Meanwhile, field effect transistors that are basic elements of a semiconductor integrated circuit have been scaled down as performance thereof has been improved. In recent years, it is not uncommon that field effect transistors have thin gate insulating films having an equivalent oxide thickness of about 1 nm. The dielectric breakdown voltage of a gate insulating film is significantly lowered as the thickness of the gate insulating film is decreased, and therefore a surge voltage to be prevented by an ESD protection element (hereinafter, simply referred to as a “protection voltage”) is also lowered as the dielectric breakdown voltage is lowered.
However, it is difficult to arbitrarily control the protection voltage of an ESD protection element.
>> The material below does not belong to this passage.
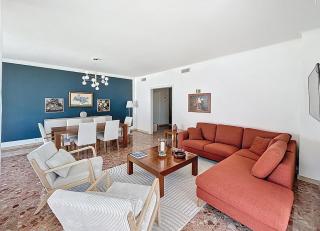 Palmiers et pins face à la mer dans une Villa classée du Cap d Antibes - 8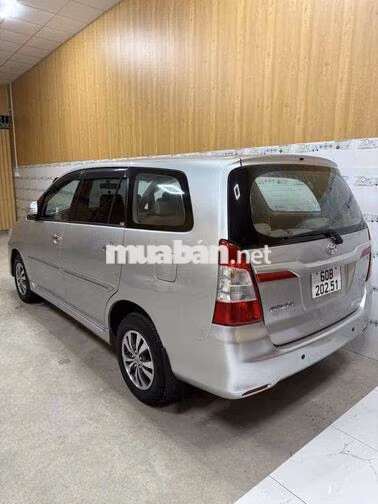 Toyota Innova 2016 Số sàn Bạc 121000 km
Particularly, in recent years, it has become very difficult to set the protection voltage to a low value appropriate to a very thin gate insulating film.
Against this backdrop, a method which makes it easy to set a protection voltage by using a MOS diode as a protection element has been reported (see, for example, Japanese Patent Laid-open No. 5-67777). However, since this known method is based on a wrong understanding that thin insulating films are not damaged by F-N (Fowler-Nordheim) current, its first concern is to suppress fluctuations in threshold voltage. For this reason, this method uses a normal MOS diode as a protection element. As a result, the resistance of the protection element is high when the protection element is in ON-state so that it is not possible to dissipate voltage quickly. In addition, it is necessary for the protection element to have an insulating film thinner than that of an element to be protected to adjust a protection voltage. However, it is difficult to form such a thin insulating film.
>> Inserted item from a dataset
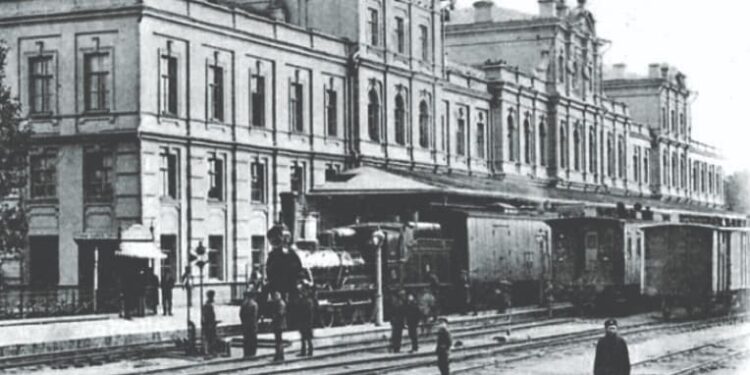 Станция Самара: Железнодорожный вокзал в Самаре построен в 1876 году, фото: kbsh.rzd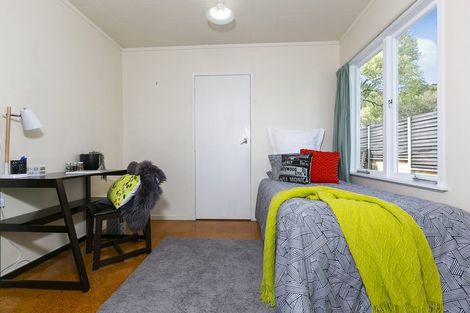 Photo of property in 1/6 Steen Place, Mangere Bridge, Auckland, 2022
As described above, conventional ESD protection elements have a problem in that it is difficult to set a protection voltage to protect a very thin gate insulating film.
SUMMARY OF THE INVENTIONUnder the circumstances, it is an object of the present invention to provide a semiconductor device comprising an ESD protection element whose protection voltage can be easily set even when the semiconductor device includes a gate insulating film having a low dielectric breakdown voltage and a method for manufacturing such a semiconductor device.
A semiconductor device according to a first aspect of the present invention includes: a semiconductor substrate including first and second element regions of first conductivity-type isolated from each other; a MOS transistor including a first gate insulating film provided on the first element region, a first gate electrode provided on the first gate insulating film, and first impurity regions of second conductivity-type provided in the first element region on both sides of the first gate electrode; and an ESD protection element including a second gate insulating film provided on the second element region and having substantially the same thickness as the first gate insulating film, a second gate electrode provided on the second gate insulating film and connected to the first gate electrode, and second impurity regions of second conductivity-type provided in the second element region on both sides of the second gate electrode.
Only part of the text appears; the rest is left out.